Объясняется это тем, что Париж в то время все еще был наводнен обилием подобного товара и что еще не успели использовать это немецкие и американские любители. Прекрасных вещей, поступающих на аукционы, было так много, что французы расхватывали лишь самые сливки, а остальное куда-то тут же проваливалось и оказывалось, часто потеряв свои атрибуции, в самых скромных лавочках. Вот этих лавочников Стип и посещал с особенной выдержанной последовательностью. Питаясь одной картошкой и овсяной кашей, он зато не пропускал ни одной оказии приобрести за несколько франков вещи, и весьма значительные. В день нашего приезда он встретил нас на вокзале и сразу отвез в очень приятную и недорогую гостиницу на rue de Observatoire (напротив памятника двух знаменитых аптекарей, тогда еще не превращенного немцами в пушки), в которой им были задержаны для нас три комнаты, где мы прожили целые две недели, пока не нашли себе квартиру на хорошо знакомой нам rue Delambre, ровно против дома, в котором мы прожили с осени 1897-го до весны 1899 года.
Чуть ли не на перроне Северного вокзала Яремич стал хвастаться своими действительно удивительными находками, причем, вероятно, для того, чтобы мне не было слишком завидно, он тут же заявил, что ряд вещей декоративно-архитектурного порядка он приобрел для меня.
Сам Яремич жил на улице Campagne-Premiere, в доме, целиком состоявшем из мастерских. Его огромное, во всю южную стену окно выходило на большой сад, принадлежащий женскому монастырю. Этот лесистый вид с птичьего полета наш друг пробовал изобразить несколько раз на довольно крупных полотнах, и они не лишены были своеобразной прелести. Прямо под его окнами находилась среди кустов капелла, и нередко можно было наблюдать, как к ней под нежное, печальное пение тянулись вереницы одетых в светлое монахинь. Не будучи вовсе религиозным человеком (кажется, я в своем месте уже представлял Яремича как убежденного приверженца Вольтера), он все же умел ценить всю эту романтическую атмосферу, и когда ему пришлось покинуть Париж, ему было особенно больно расставаться именно с ней. В этой его чересчур светлой и голой мастерской он прожил четыре года.

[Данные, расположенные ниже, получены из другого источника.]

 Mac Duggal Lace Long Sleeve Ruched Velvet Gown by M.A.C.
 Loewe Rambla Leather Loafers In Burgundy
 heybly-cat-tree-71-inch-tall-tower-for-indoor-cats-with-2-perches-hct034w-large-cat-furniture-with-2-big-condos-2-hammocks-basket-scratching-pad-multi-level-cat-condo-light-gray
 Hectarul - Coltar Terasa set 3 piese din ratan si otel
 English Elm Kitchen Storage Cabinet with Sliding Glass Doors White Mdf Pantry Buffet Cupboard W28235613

Лишь летом 1906 года он перебрался на время нашего отсутствия в нашу версальскую квартиру. Живя в Версале, он и там написал ряд больших, мастерски исполненных, но, как всегда, чересчур серых в тоне этюдов и, между прочим, центром одного из этих парковых мотивов явилась мраморная группа лошадей Аполлона, прячущихся среди густых кустов сирени, в стороне от знаменитого грота. Эту картину он назвал «Дань почтения Гюбер-Роберу». Серость колорита Яремича была чем-то ему органически присущим (яркие кодеры, и особенно зеленые, он ненавидел), и в зависимости от этого он выработал целое учение, будто живописец может вполне обходиться всего тремя красками: «костью» (черной краской), желтой охрой и белилами; будто смесь кости с белилами дает благородную и вполне достаточную синеву, а смесь охры с костью заменяет всякие оттенки зелени. К этой гамме он лишь в редчайших случаях примешивал венецианскую красную. Такая явная ересь не мешала Стипу создавать вещи и очень приятные, и декоративные, особенно же он преуспевал в акварели, в которой пытался подражать Гварди.

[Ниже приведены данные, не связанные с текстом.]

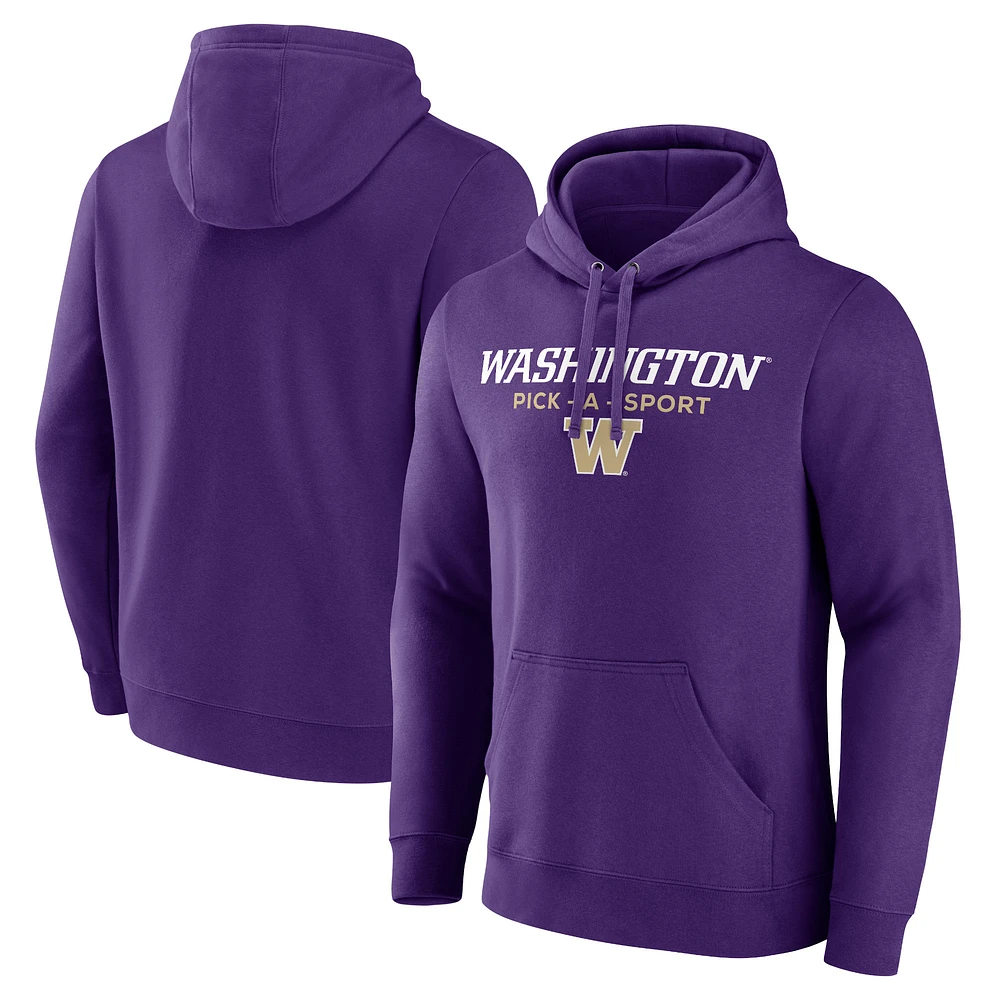 Men's Purple Washington Huskies Authentic Pick-A-Sport Pullover Hoodie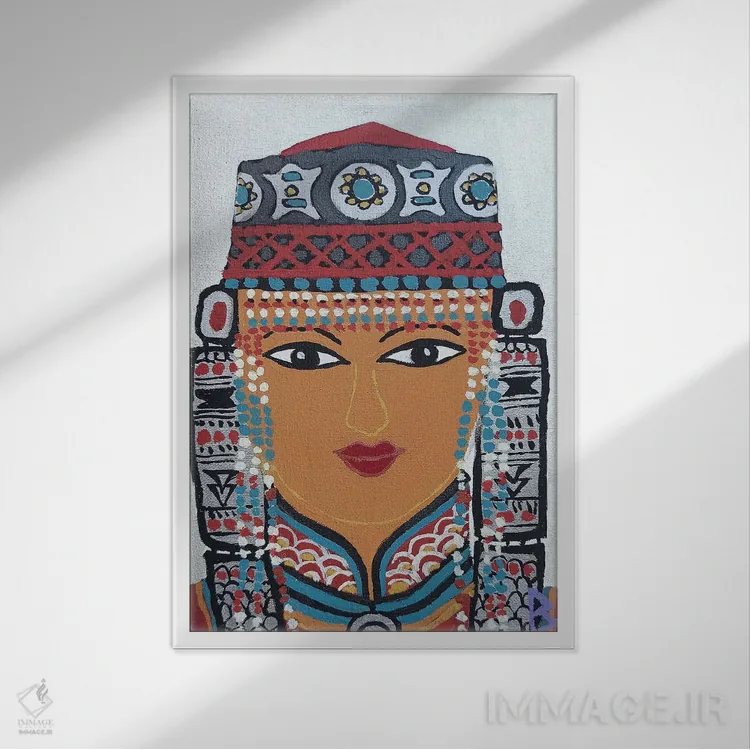 تابلو دختر جوان از مغولستان اثر بریت بردال نیلسن - نمای قابدار سفید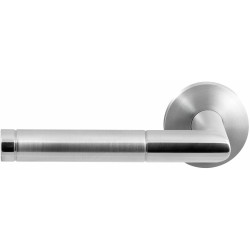 GPF104009-490200-00 RVS GEBORSTELD RVS GEPOLIJST, GPF1040.00L/R KOHU DUO DEURKRUK OP RONDE ROZET RVS GEBORSTELD/RVS GEPOLIJST 50X8 MM, LINKSWIJZEND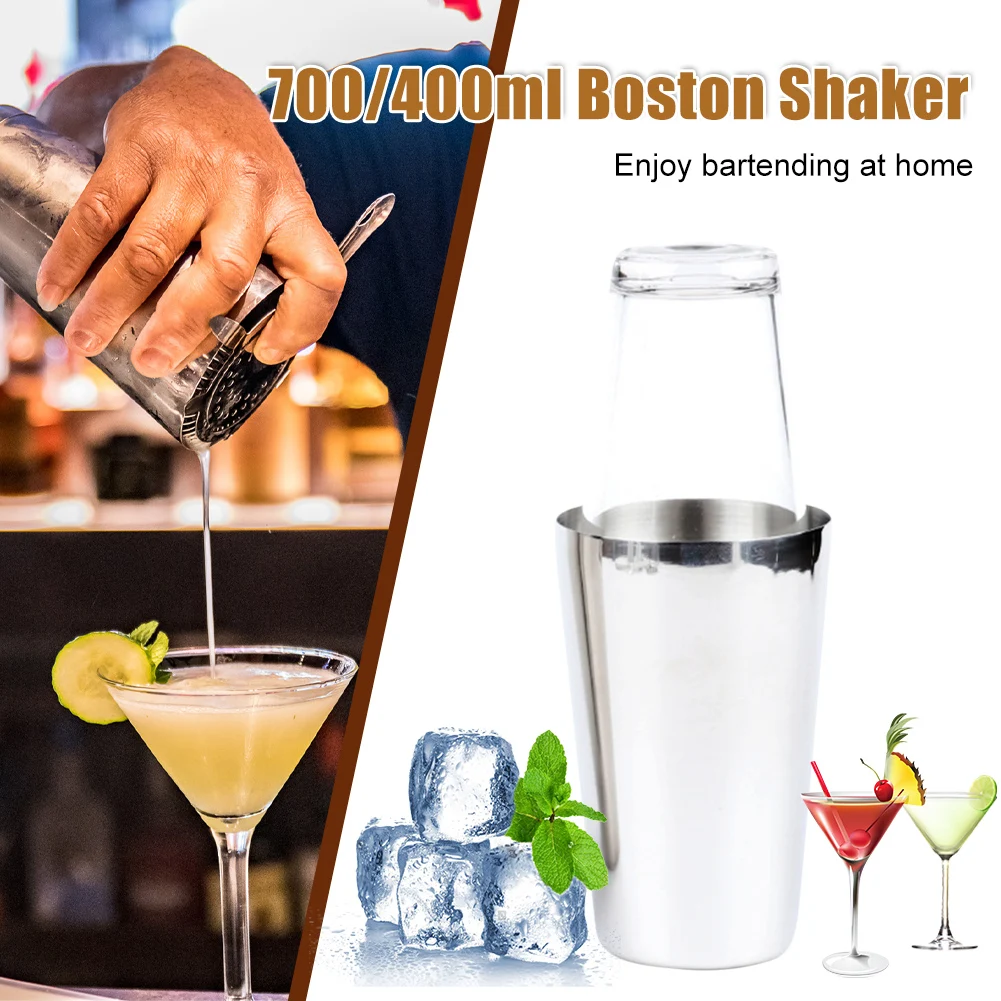 700ML Stainless Steel Boston Cocktail Shaker With 400ML Glass Cup Wine Martini Mixer Drinks Shaker Home Bar Bartending Tool
700ML Stainless Steel Boston Cocktail Shaker With 400ML Glass Cup Wine Martini Mixer Drinks Shaker Home Bar Bartending Tool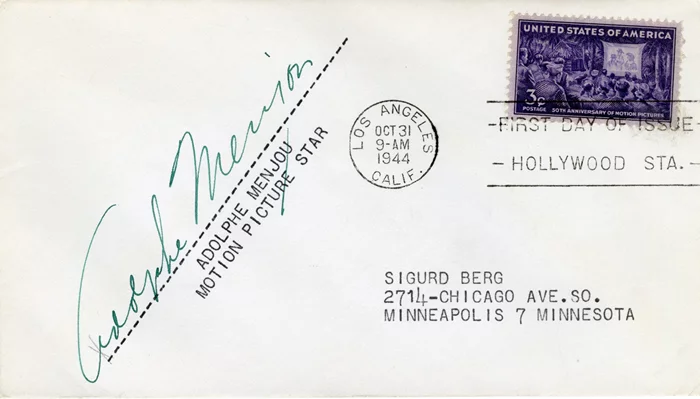 Adolphe Menjou autograph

За последние месяцы мы тогда очень сошлись с Елизаветой Сергеевной Кругликовой, и это несмотря на то, что ее искусство (и особенно присущий ему несколько любительский оттенок) не могло нам импонировать — ни мне, ни моим друзьям. Вовсе не импонировало нам и старание Кругликовой идти вместе с веком, быть передовой, в духе времени. Все это, однако, не мешало этой некрасивой и стареющей девице обладать большой притягательной силой. Она отличалась исключительной живостью темперамента, страстно всем интересовалась, что и позволило ей устроить у себя в Париже, на улице Буассонад, что-то вроде русского художественного центра, усердно посещаемого не только русскими. Была она и очень отзывчива, разные бедняки и неудачники нередко прибегали к ее кошельку. Она же устраивала у себя простодушные балы, из которых мне особенно запомнился один костюмированный, когда весь дворовый садик перед ее дверью был завешан цветными фонариками, а в ее двойной мастерской была устроена сцена, на которой выступали разные любители с шансонетками и монологами. Всех тогда поразила своей миловидностью одна из дочерей Плеханова, одетая пастушкой с картины Буше, и очень всех позабавила на редкость некрасивая старая дева, с потешным английским акцентом пропевшая тогда популярные песенки, среди которых одна начиналась словами: «Я самая хорошенькая из всех молодых девиц». Угощение на таких пирушках бывало в высшей степени обильным, но и совершенно беспретенциозным, домашним.